Click on photos to enlarge.
Moscow was graced a few years ago by the appearance of numerous wonderful street murals in a very short time. They all came about thanks to the Heritage project within the Moscow – Best City on Earth campaign. I’ve written about quite a few and there are still many I have not gotten around to photographing or highlighting here. I have yet to see one of these murals that I don’t like. They fit the Moscow style well. There are lots of “canvases” out there in Moscow, as you can see in this portrait of innovative architect Ivan Leonidov (1902-1959) – flat, open building sidings that are just waiting for someone to come along and spiff them up. In fact, look at the last shot in the block of photos below – there behind the mural of our choice today you see yet another mural, this one a comics-like urban scene. My former neighborhood of Zamoskvorech’e was the site of one of my favorite street murals in all of Moscow, an extremely delicate rendering of a perfectly symmetrical flowering tree. It is not humorous, makes no declarations, has no references (to my knowledge), but is just downright beautiful. On the rare occasion that I think about Zamoskvorech’e these days, I often recall that tree.

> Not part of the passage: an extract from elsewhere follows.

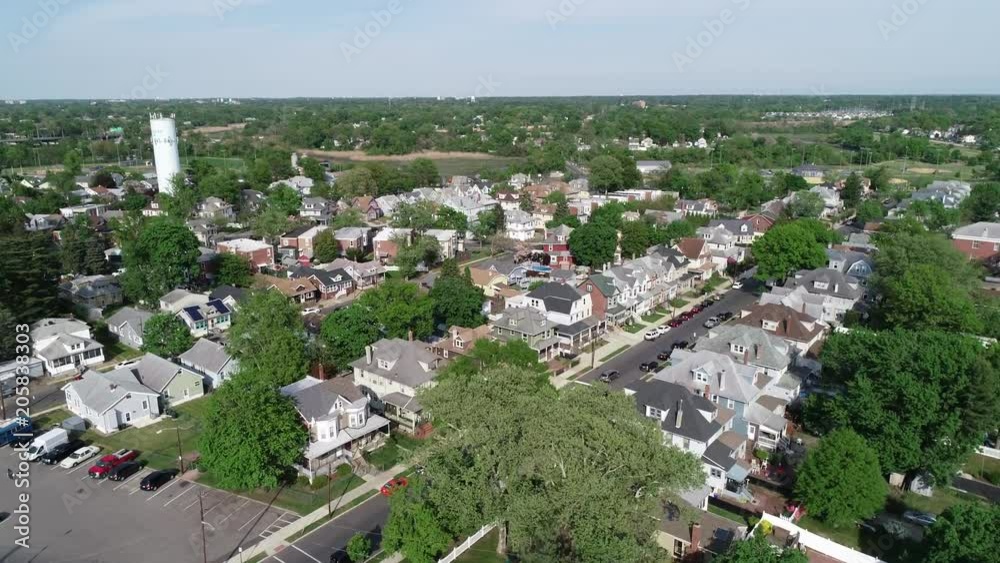 Aerial View of Delaware Riverfront Port City Gloucester New Jersey Aerial View of Delaware Riverfront Port City Gloucester New Jersey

But back to the topic at hand.
Leonidov is not a household name although his contribution to Russian culture is deep. It would have been deeper yet had he come of age in a different era. Few of his major designs were actually built. There were really only a few years (1927 to 1930) when he worked at more or less full capacity. One of his most important designs was for the Lenin Institute in 1927. The TotalArch website describes it and Leonidov’s contribution to Soviet architecture of the time:
“This project revealed Leonidov’s innovative understanding of the principles of building a modern city, and the spatial organization of its elements. For him a modern urban architectural ensemble was not a piece of organized space carved out of a tightly built city, but formed an ensemble in clusters of buildings that compositionally ‘dominate’ a certain area of space which plays a unifying, rather than subordinate, role. Leonidov recognized the connection between architecture and nature, not only by taking into account the landscape and surrounding vegetation, but primarily in the interaction of the building with space.”
He was a frequent contributor to, and a member of, the editorial board of Contemporary Architecture magazine. When his work, much of it designed in the Constructivist style, came under attack from Party hacks beginning in 1929 (“Leonidovitis and its Harm” in Art for the Masses magazine), he used the pages of CA to answer his critics. The result was that the magazine was shut down and Leonidov was fired from his teaching job at the architecture institute.
Leonidov is one of the Russian architects associated with the “genre,” if you will, of “paper architecture” or “visionary architecture.” That is, many of his projects never made it further than the design table and the paper they were drawn on. In part this was because some of his ideas were ahead of their time and could not yet be realized with the tools then available. But it was also because his work was generally ignored or rejected. You can see some of his designs in a Russian Live Journal post (the pictures of actual buildings here belong to other architects). One of Leonidov’s legendary, unrealized designs was called City of the Sun. Its central theme was, no more and no less, the happiness of people.
Leonidov appears not to have known a great deal of happiness in his life, at least, not once the Communists began messing with his work. He was born in a village outside St. Petersburg. His father was a forest ranger. He came to study in Moscow in the mid-1920s and his first successful designs were for improved peasant huts. He also designed living quarters for workers in the city of Ivanovo, a building for Belorussian University in Minsk, and standardized workers clubs that could be erected most anywhere. Throughout the 1930s – after the attacks on him – he worked at various “odd” jobs in various brigades, often in the provinces. Professionally, however, and for someone who had begun with such promise, his career was virtually on hold. In 1943, during World War II, he received a concussion in battle and was demobilized from the army. Things got so bad that, after the war, he was occasionally relegated to curating museum exhibits. He continued to work on his City of the Sun, but to no avail.
The mural located at 5 Sretenka Street in the northern center of Moscow, was unveiled in December 2014. According to an apparently reliable Russian website, it was created by an artist who goes by the name of Jem and works for a group whose name is sometimes given as kARTina Repina (Repin’s PAINTing) or, as it is given on the mural wall, KARTINAREPINA. The Heritage and Best City on Earth campaigns were curated by Novatek Art.
Ivan’s work is probably some of the most influential to me as a designer. Thanks for this!
Love that, Michael! Thank you for sharing!